### Your instructions
From the entries below, reproduce exactly the lines from the one with "เสื้อผ้าผชเสื้อยืด พิมพ์ลาย Dont" through the one with "Holiday World Hotel Alanya Zewnętrze zdjęcie", both included, without images.

(Dataset records)
★ ★ ★ ★ ★

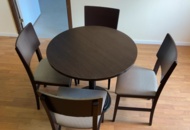 1500086 Collection of Round Tables and Chairs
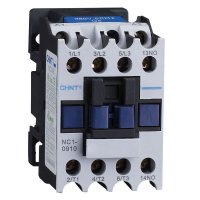 Контактор Chint NC1 (221033) 690 В 9 А тип AC 3Р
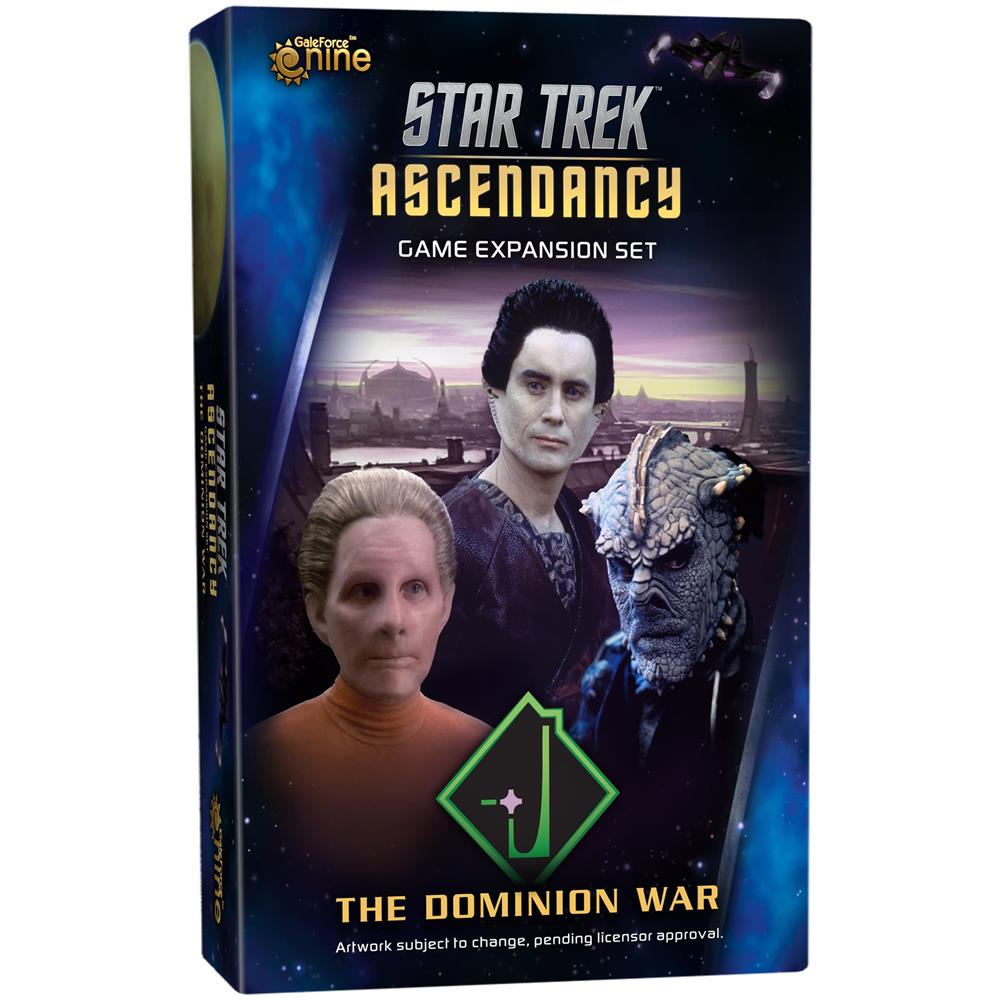 Star Trek Ascendancy Gioco Expansion Set: The Dominion War, Multi - Foto 1
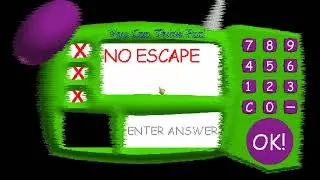 Baldi Is Alone: Chapter 3 | {WRONG ANSWERS ONLY} | I'm 2x speed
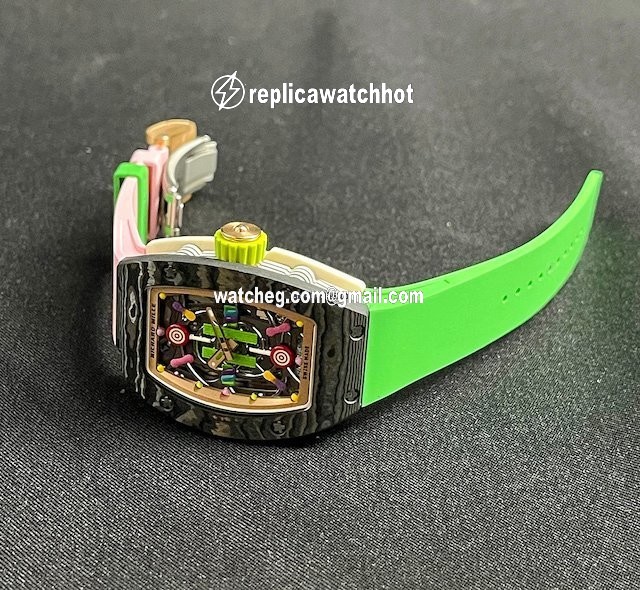 Richard Mille RM 07 Mens watch Unisex Automatic Carbon RM 07-03 4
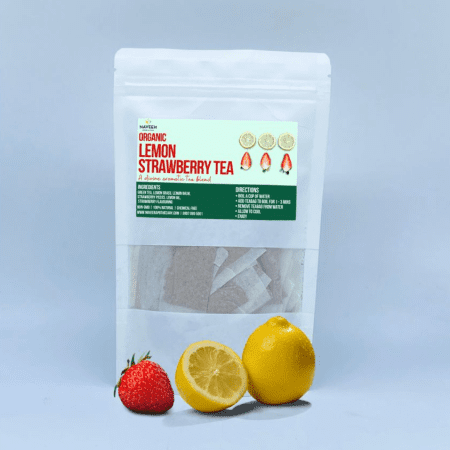 Lemon Strawberry tea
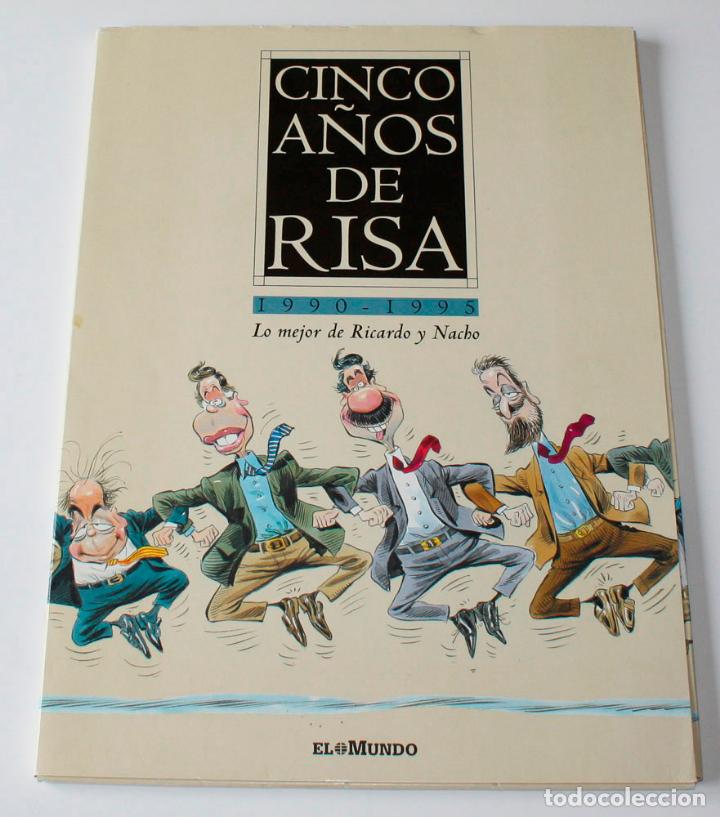 Otros Art&iacute;culos de Coleccionismo en Papel: 25 LAMINAS DE RICARDO Y NACHO. CINCO A&Ntilde;OS DE RISA 1990-1995. EL MUNDO.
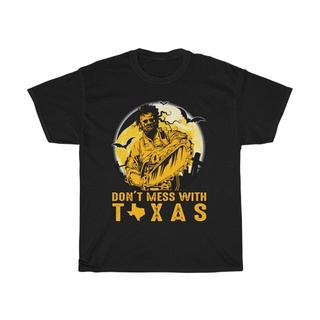 เสื้อผ้าผชเสื้อยืด พิมพ์ลาย Dont Mess With Texas ตลก ฮาโลวีนS-5XL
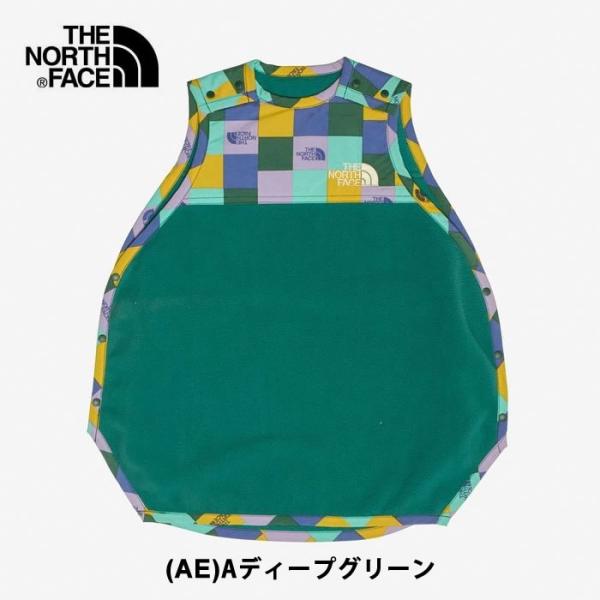 ノースフェイス ベビー キッズ フリース スリーパー THE NORTH FACE NNB72102...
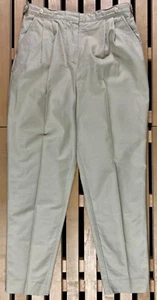 Women’s Pants Chinos Fred Perry Size US 6 UK 10 Beige - Picture 1 of 8
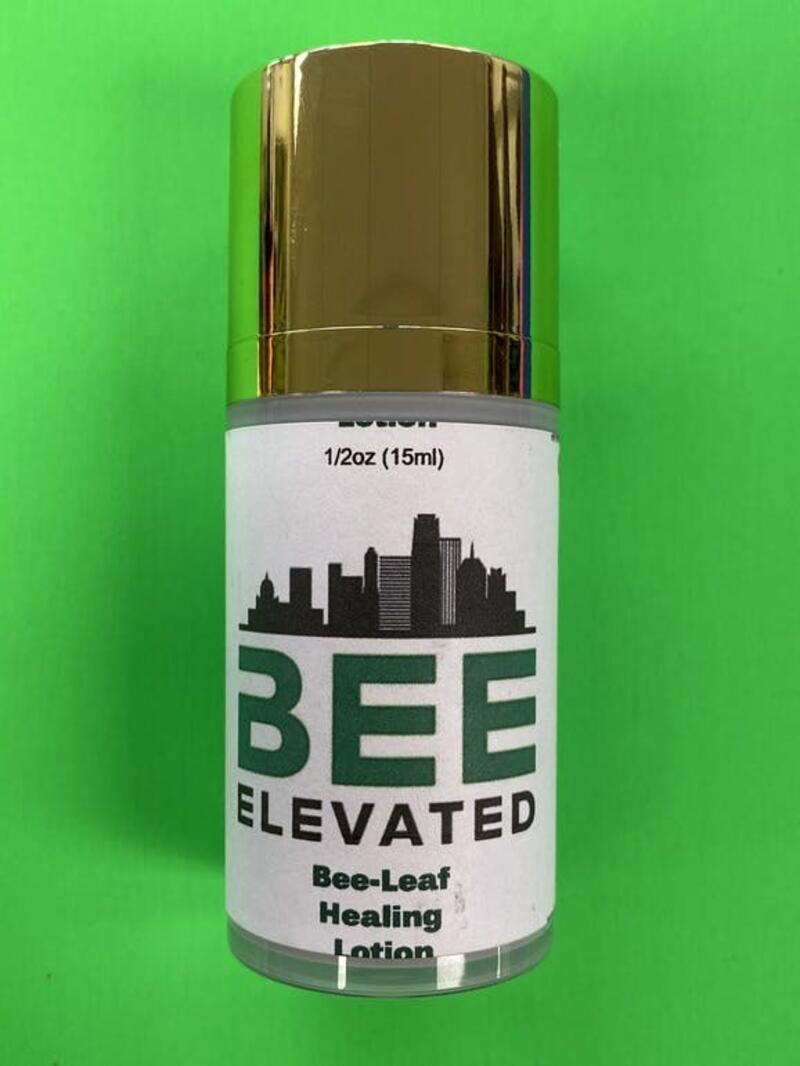 BEE ELEVATED BEE-LEAF HEALING LOTION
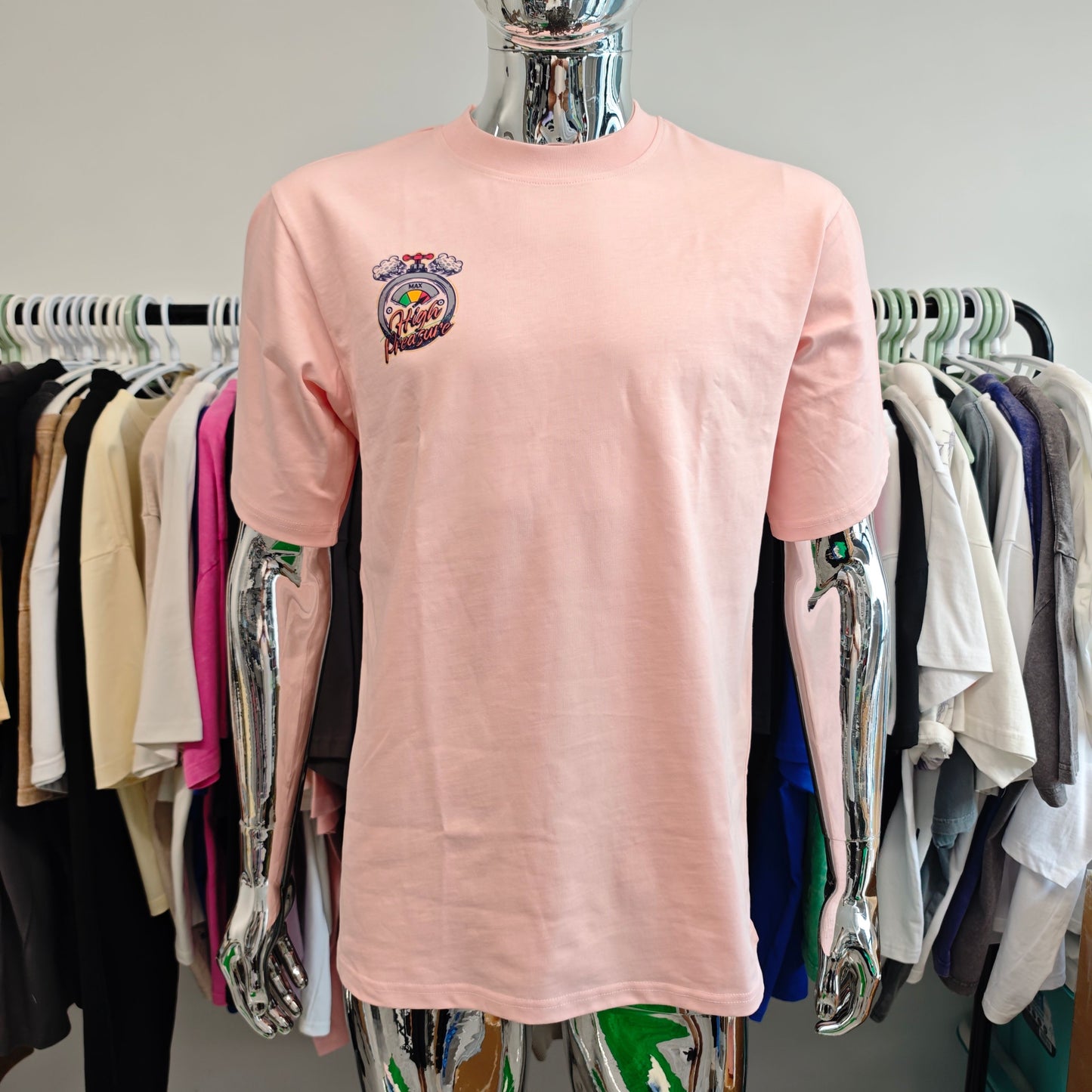 High Preasure Pink T-shirt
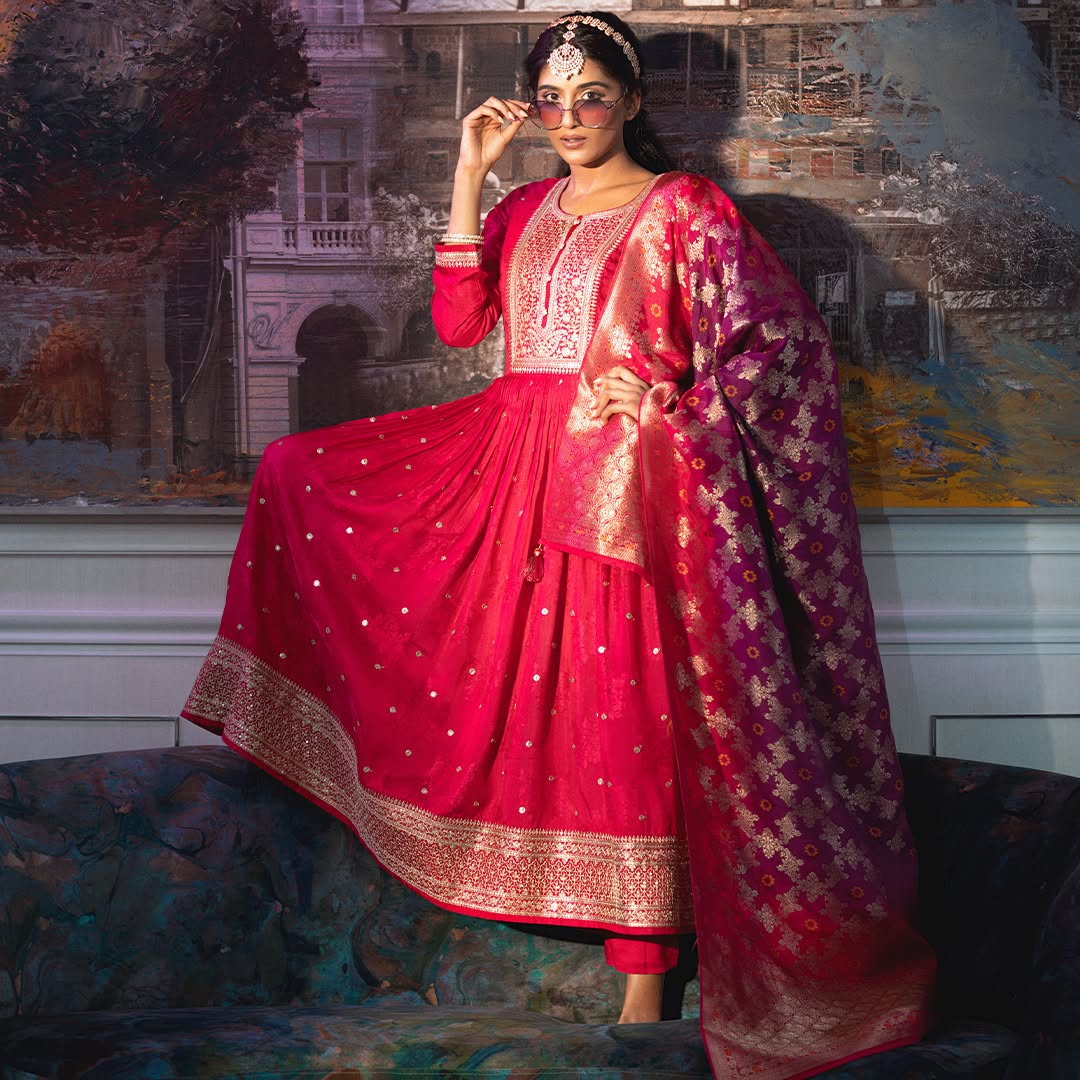 Akshara Anarkali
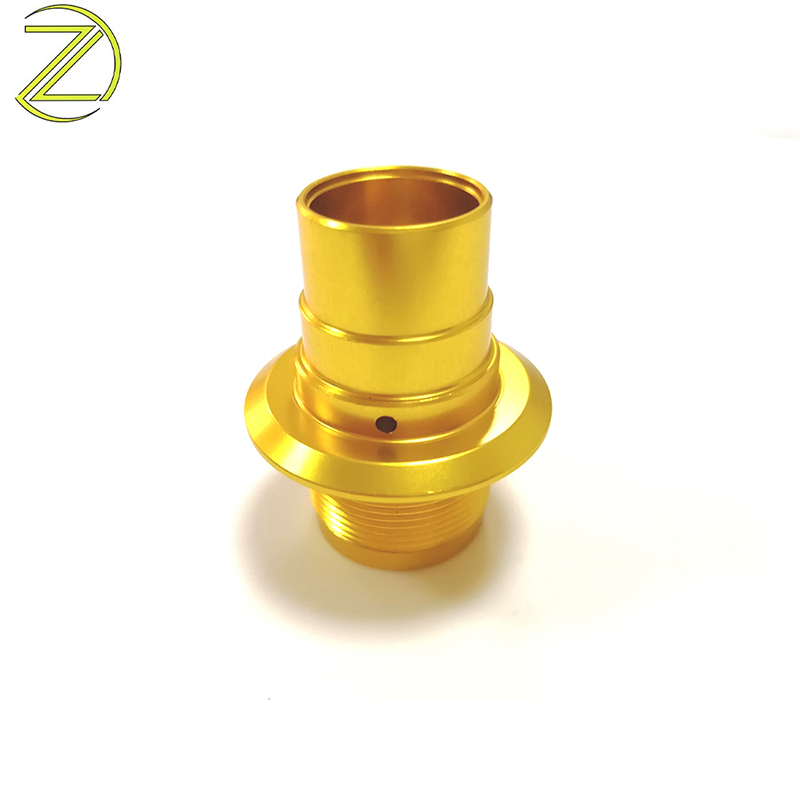 Custom Golden Yellow Anodized Lights Accessories
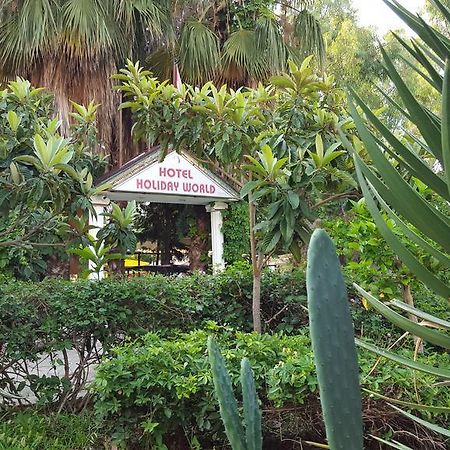 Holiday World Hotel Alanya Zewnętrze zdjęcie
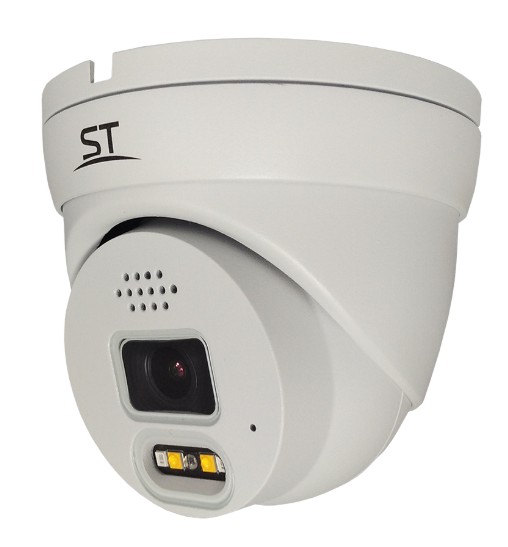 ST-VR4619 PRO уличная купольная всепогодная IP-камера видеонаблюдения с встроенным микрофоном Space Technology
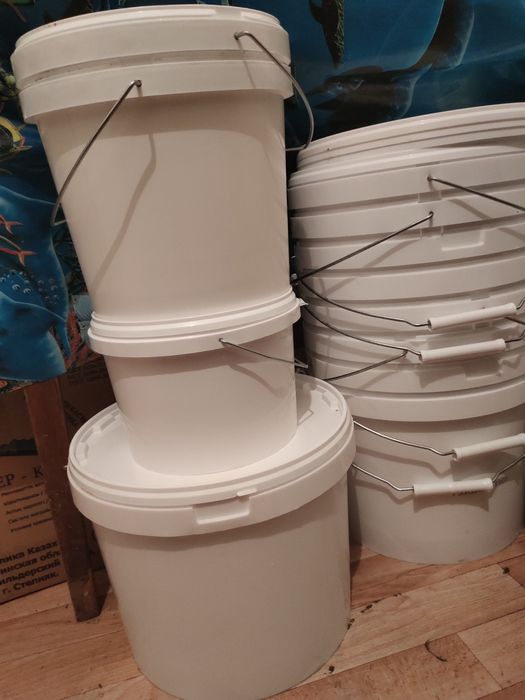 Продам ведра из под майонеза и кетчупа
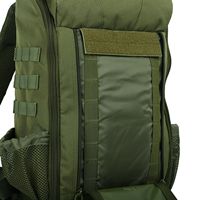 Sac à dos tactique Assault Pack, sport, GPS, étanche, grande capacité, camping en plein air, randonnée, intervention en cas de catastrophe avec panneau solaire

★ ★ ★ ★ ★

### Your solution
 เสื้อผ้าผชเสื้อยืด พิมพ์ลาย Dont Mess With Texas ตลก ฮาโลวีนS-5XL
 ノースフェイス ベビー キッズ フリース スリーパー THE NORTH FACE NNB72102...
 Women’s Pants Chinos Fred Perry Size US 6 UK 10 Beige - Picture 1 of 8
 BEE ELEVATED BEE-LEAF HEALING LOTION
 High Preasure Pink T-shirt
 Akshara Anarkali
 Custom Golden Yellow Anodized Lights Accessories
 Holiday World Hotel Alanya Zewnętrze zdjęcie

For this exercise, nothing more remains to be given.